RECORDS SUPPLIED
━━━━━━━━━━
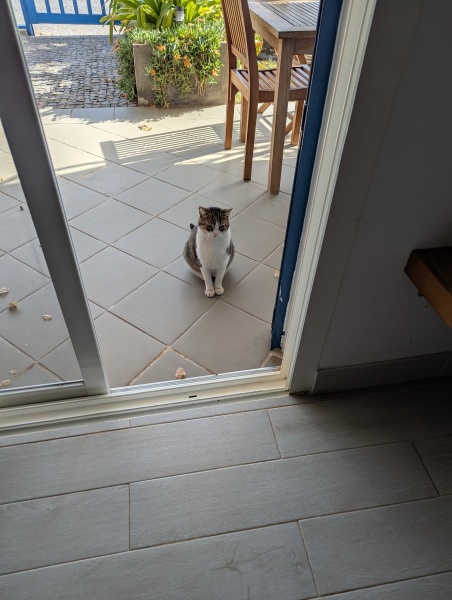 Hymns in Minor Keys & the Russian Easter Overture - the Excellent Cats ignore Culture.....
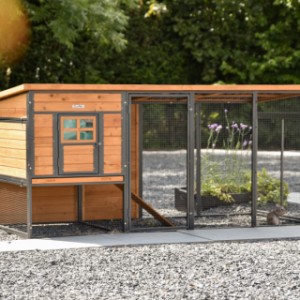 Rabbit hutch Judy is an acquisition for your yard
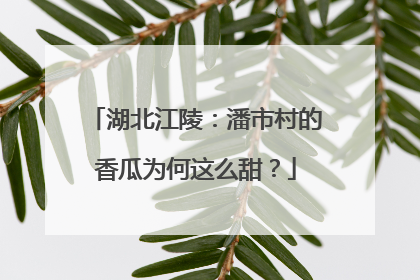 湖北江陵：潘市村的香瓜为何这么甜？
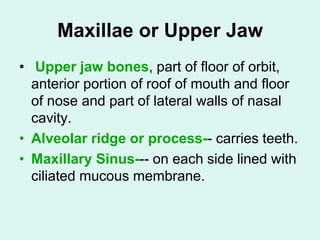 Maxillae or Upper Jaw
• Upper jaw bones, part of floor of orbit,
anterior portion of roof of mouth and floor
of nose and part of lateral walls of nasal
cavity.
• Alveolar ridge or process-- carries teeth.
• Maxillary Sinus--- on each side lined with
ciliated mucous membrane.
 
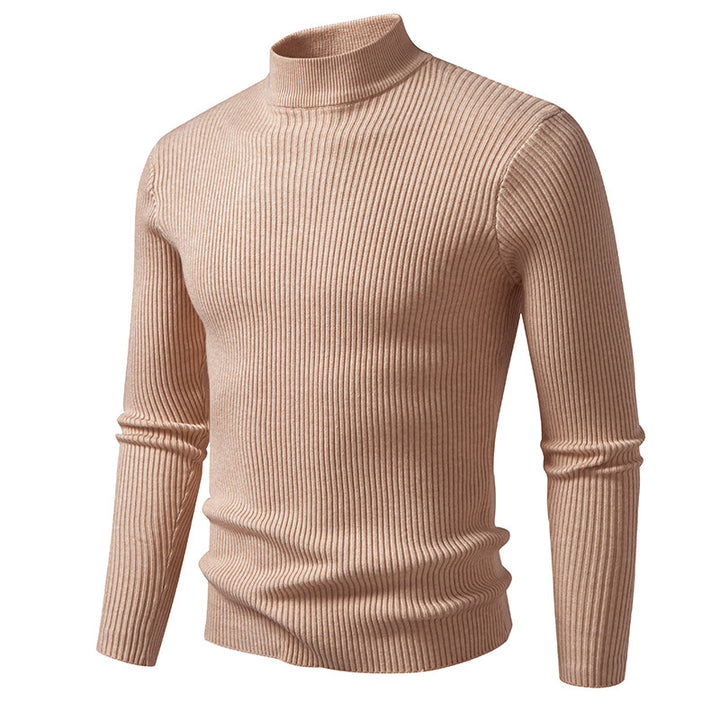 Herren Rollkragenpullover aus strukturiertem Strickmaterial Aliams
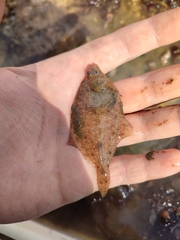 Limanda limanda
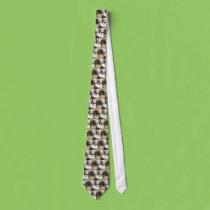 Sea Lions ties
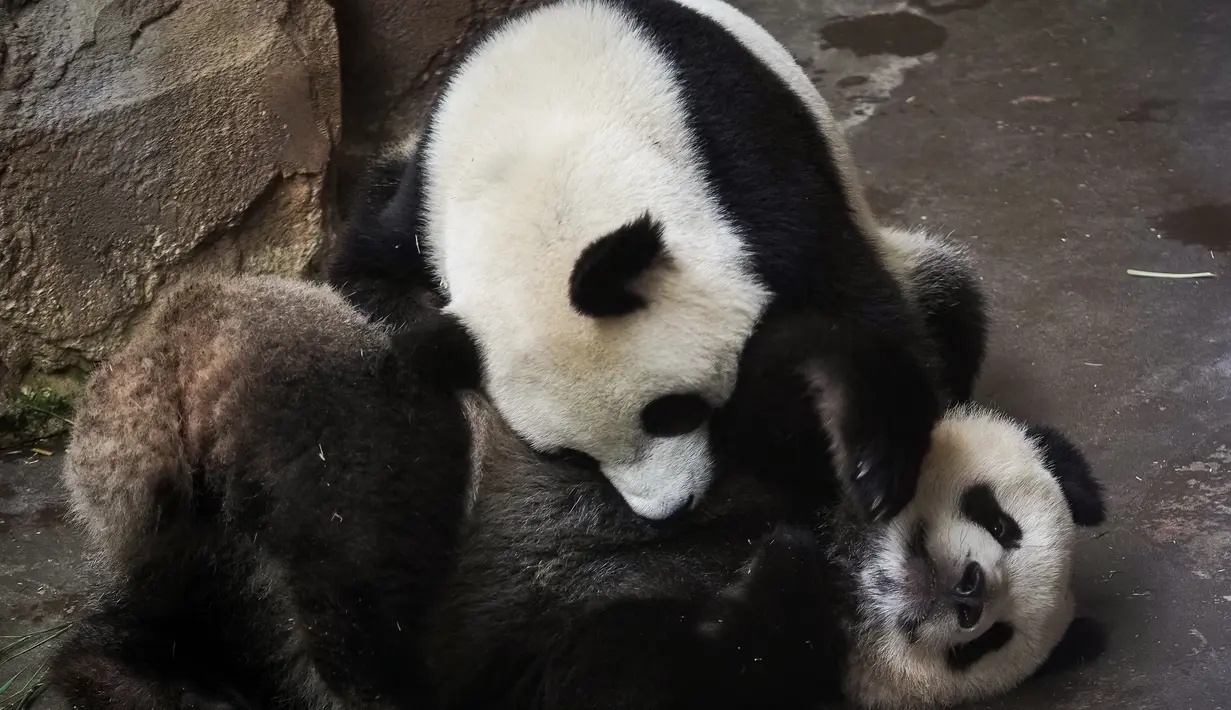 Anak panda, Yuan Meng (kanan) bermain dengan induknya, Huan Huan di kandang mereka di Zoo de Beauval. Prancis pada 26 Agustus 2019. Bayi panda pertama yang lahir di Prancis pada 2017 lalu itu mendapatkan namanya dari ibu negara, Brigitte Macron. (GUILLAUME SOUVANT / AFP)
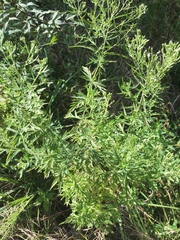 Eupatorium × pinnatifidum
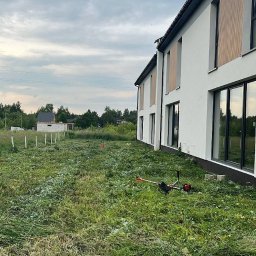 Wycinka drzew Warszawa 1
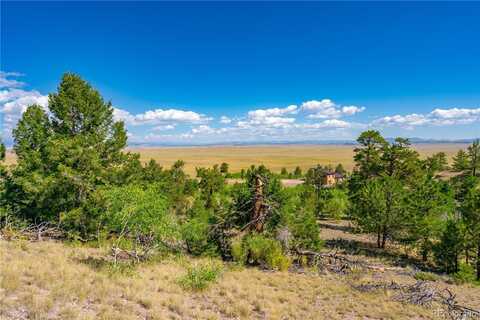 153 Mane Way, Hartsel, CO 80449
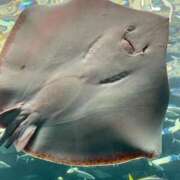 ヒメ日記 2026/02/10 09:11 投稿 はなよ 船橋ときめき女学園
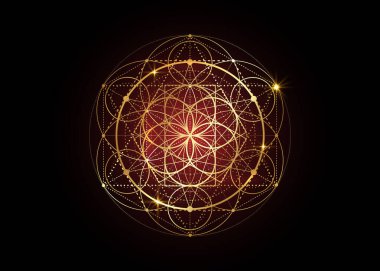 Yaşam sembolü Kutsal Geometri. Simya 'nın gizemli hayat çiçeğinin geometrik mistik mandala' sı. Altın lüks tasarım, kutsal meditasyon tılsımı vektörü, siyah arka planda izole edilmiş.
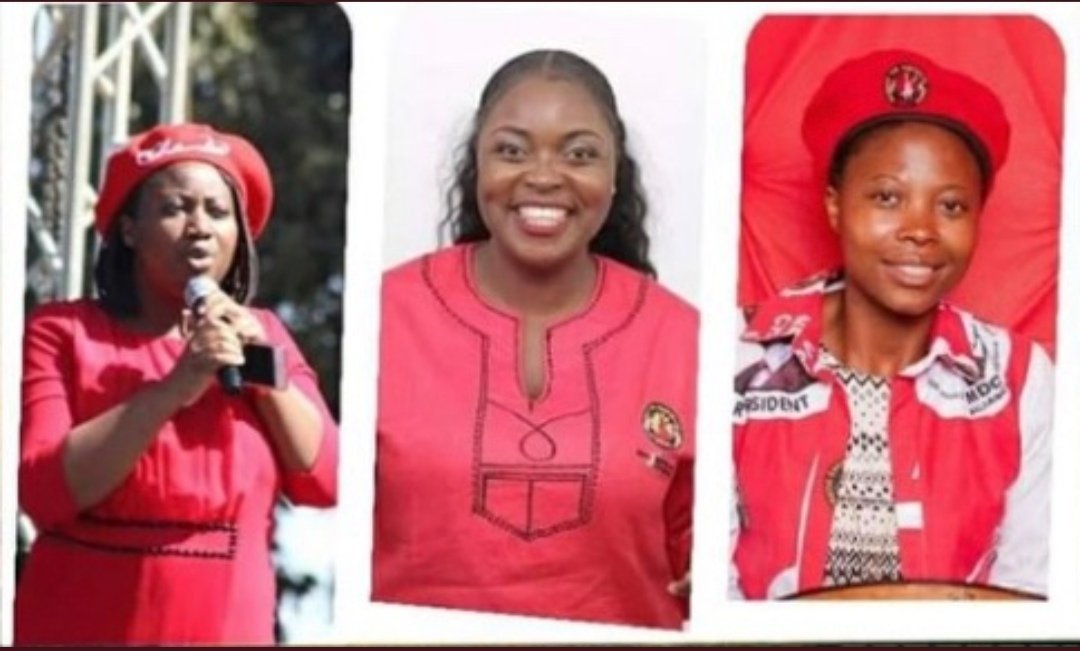 SAYoF_Official's tweet photo. SADC Youth Forum/ SAYoF  has taken note of the reported/missing 3 Young Women Political Activists in Zimbabwe. We urge the Government of Zim to do what it can in the shortest possible time to publish their whereabouts. #SADCYOUTH https://t.co/jYePDtTk3c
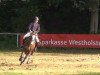 dressage horse Antony 25 (New Forest Pony, 1998, from Antonio)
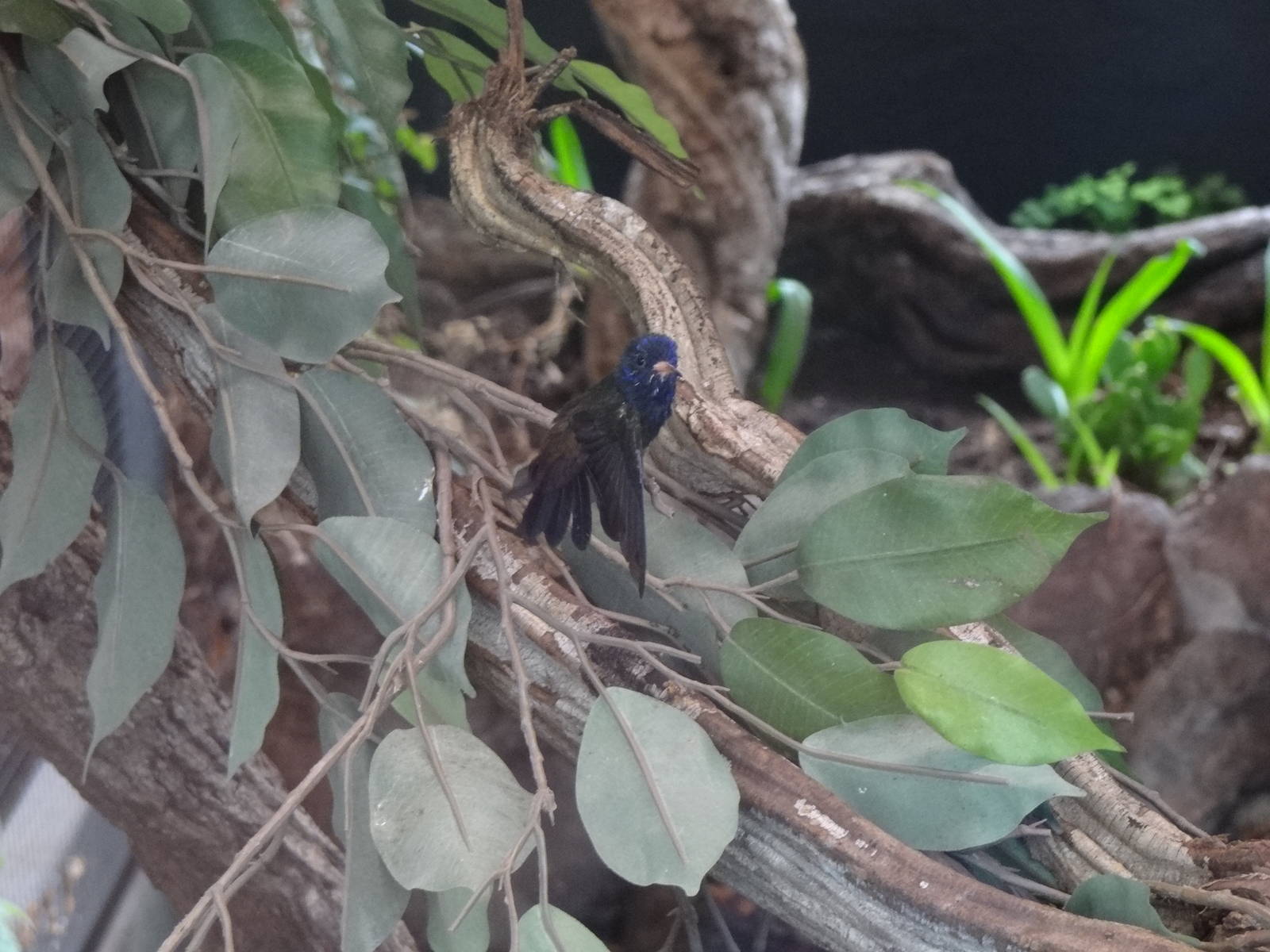 White-chinned sapphire(male)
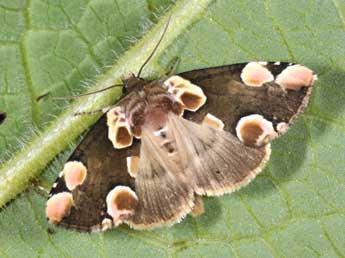 Thyatira batis L. adulte - Philippe Mothiron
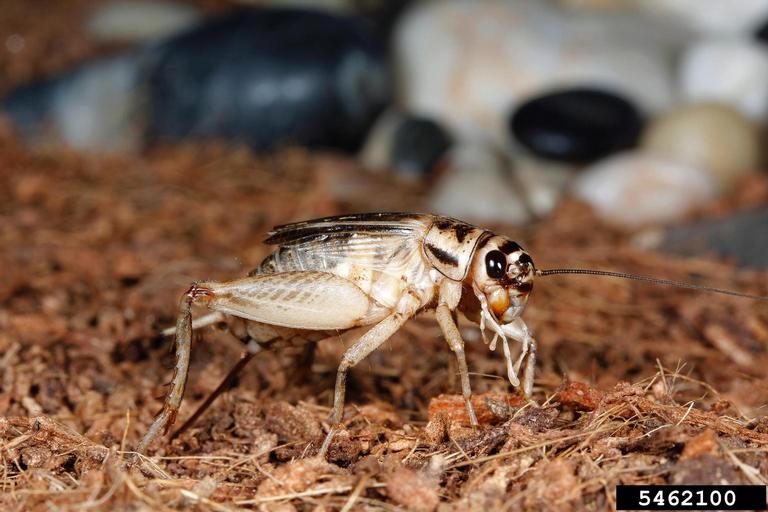 house cricket (Acheta domesticus)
━━━━━━━━━━
EXERCISE AIM
Filter the listing for the word "part" and copy every line that holds it.

EXPECTED ANSWER
• Upper jaw bones, part of floor of orbit,
of nose and part of lateral walls of nasal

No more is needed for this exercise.